VIA EDGAR, ELECTRONIC MAIL AND OVERNIGHT DELIVERY
 
Mellissa Campbell Duru
Special Counsel
United States Securities and Exchange Commission
Office of Mergers and Acquisitions
Mail Stop 3628
100 F Street, N.E.
Washington, D.C. 20549
 
 
Re:
Darden Restaurants, Inc.
 
Amendment No. 1 to Preliminary Consent Solicitation Statement
 
Filed on Schedule 14A by Starboard Value LP, Starboard Value and Opportunity Master Fund Ltd., Starboard Value and Opportunity S LLC, Starboard Value and Opportunity C LP, Starboard Leaders Delta LLC, Starboard Leaders Fund LP, Starboard Value GP LLC, Starboard Principal Co LP, Starboard Principal Co GP LLC, Starboard Value A LP, Starboard Value A GP LLC, Starboard Value R LP , Starboard Value R GP LLC, Jeffrey C. Smith, Mark R. Mitchell, Peter A. Feld, Bradley D. Blum, Charles M. Stonsteby and Robert Mock
 
Filed March 11, 2014
 
File No. 1-13666
 
Dear Ms.
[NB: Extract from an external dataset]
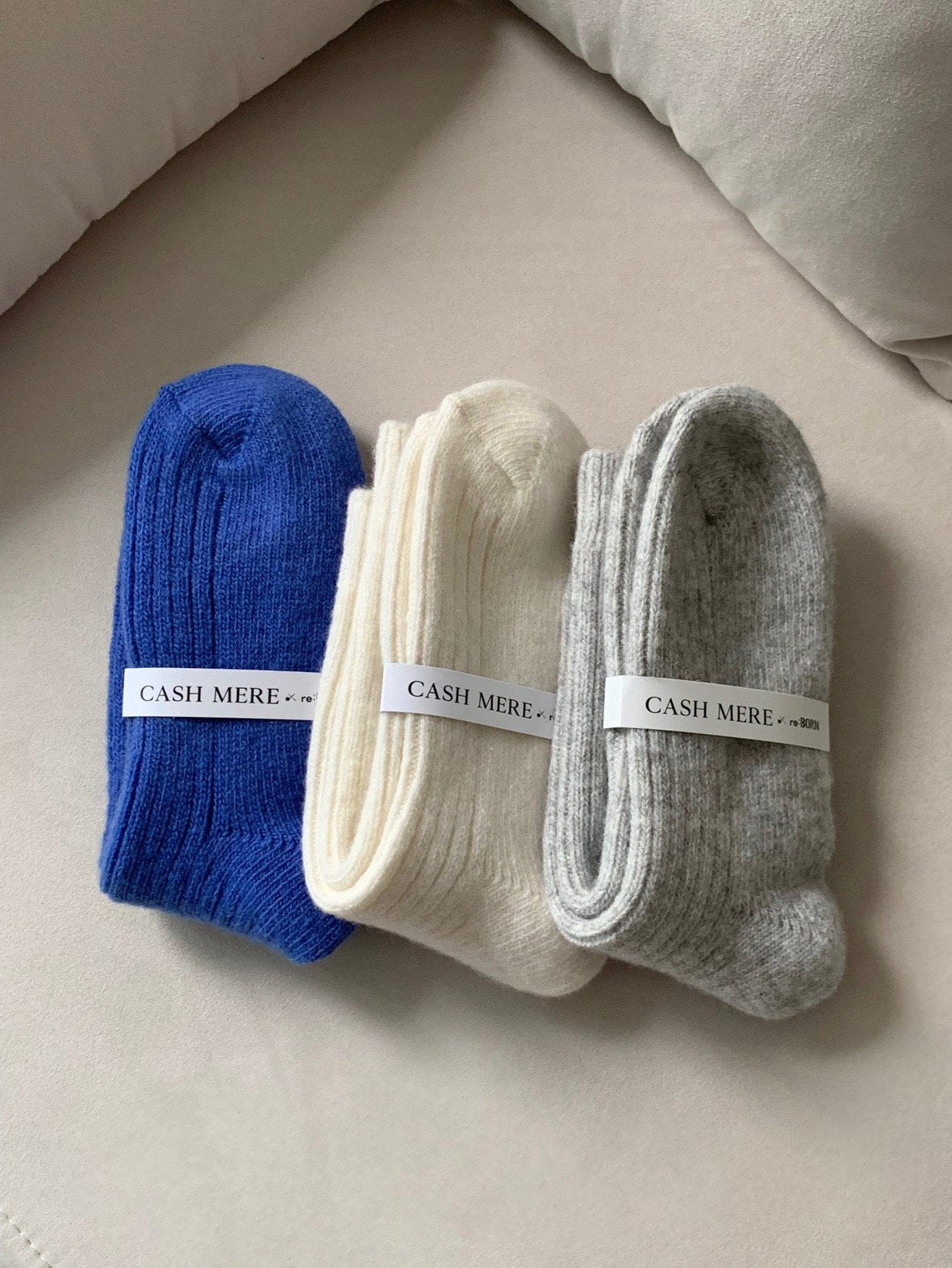 Middle Cashmere Knit Socks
Duru:
 
We acknowledge receipt of the comment letter of the Staff (the “Staff”) of the U.S. Securities and Exchange Commission (the “Commission”) dated March 13, 2014 (the “Staff Letter”) with regard to the above-referenced matter.  We have reviewed the Staff Letter with Starboard and provide the following responses on its behalf.  For ease of reference, the comments in the Staff Letter are reproduced in italicized form below.  Terms that are not otherwise defined have the meanings ascribed to them in the Consent Solicitation Statement (the “Solicitation Statement”).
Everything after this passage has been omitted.